India is a democratic success: globalists are so annoyed

One voter out of 969m, greater than the populations of EU, USA and Russia combined (Photo by Yawar Nazir/Getty Images)


India, the largest democracy on earth, is heading to the polls right now. Yet you have to ask how many Europeans have even bothered to look up and consider this phenomenon: a population of 1.4bn pulling all the adult men and women to voting booths to make their democratic choice.

That is a lot of multi-millions having a voice. Hear me roar.

Still, some who do follow the Indian elections now appear critical and concerned. Could they be right?

The polling goes on from 19 April to 1 June 2024. The 969m voters  go in seven phases to elect all 543 members of the Lok Sabha. The Indians, in this vast sweep to the polls, never forget this vote is like nothing else anywhere.

Yet this boast does not seem enough for many Western liberals, who lash out against it — to an extent that has led to allegations by India’s Prime Minister Narendra Modi of “foreign interference” in his country’s elections.

Last year India’s economy was the fastest growing in the world. Under Modi, the Asian superpower is becoming a geopolitical counterweight to China and the Central Asian states with Islamist and rogue tendencies, such as Pakistan.

Progressives in the West should normally be happy about it. They are not.

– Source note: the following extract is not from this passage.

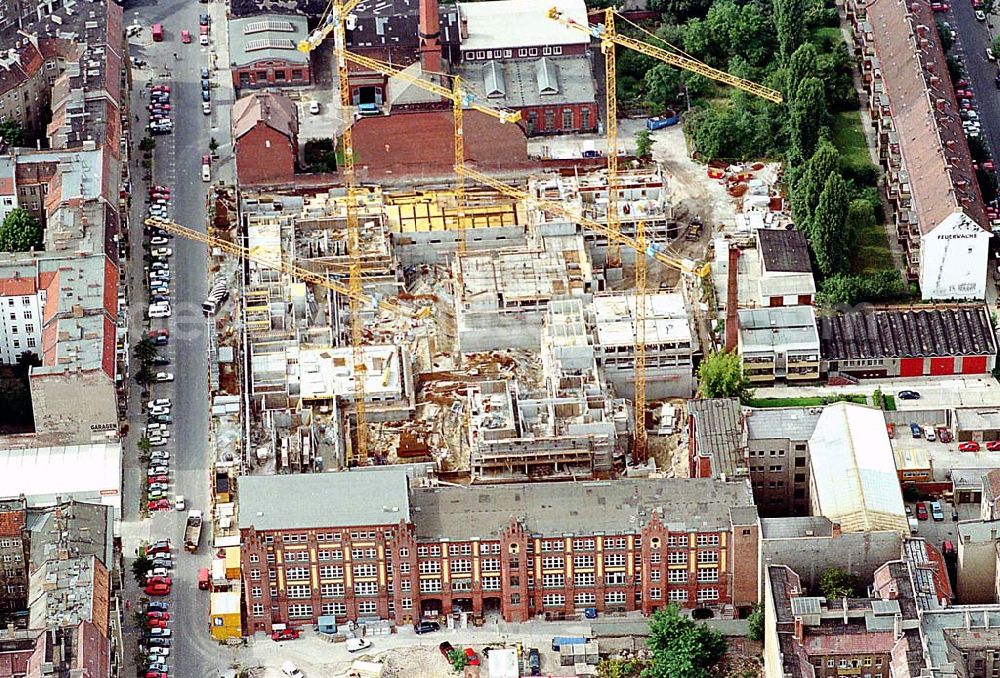 Aerial image Berlin Prenzlauer Berg - 06.09.1995 Berlin, Neubau Wohn - und Geschäftsbauten Erich-Weinert-Strasse, Ecke Greifswalder Straße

Indeed, India has lately been getting a lot of negative publicity by global legacy media. From the Guardian to the Financial Times and the Economist, reports on how bad a state the Indian democracy is in abound. A particular word seems to trigger the most negative of feelings: Hindutva.

Hindutva, which literally means hindu-ness, is a political ideology that favours the cultural hegemony of Hindus in India.

While its critics accuse Hindutva of discrimination against Muslims and Christians, it rejects differential laws based on religion. Yes, it is a form of nationalism. But at the same time it promotes egalitarianism through equality before the law.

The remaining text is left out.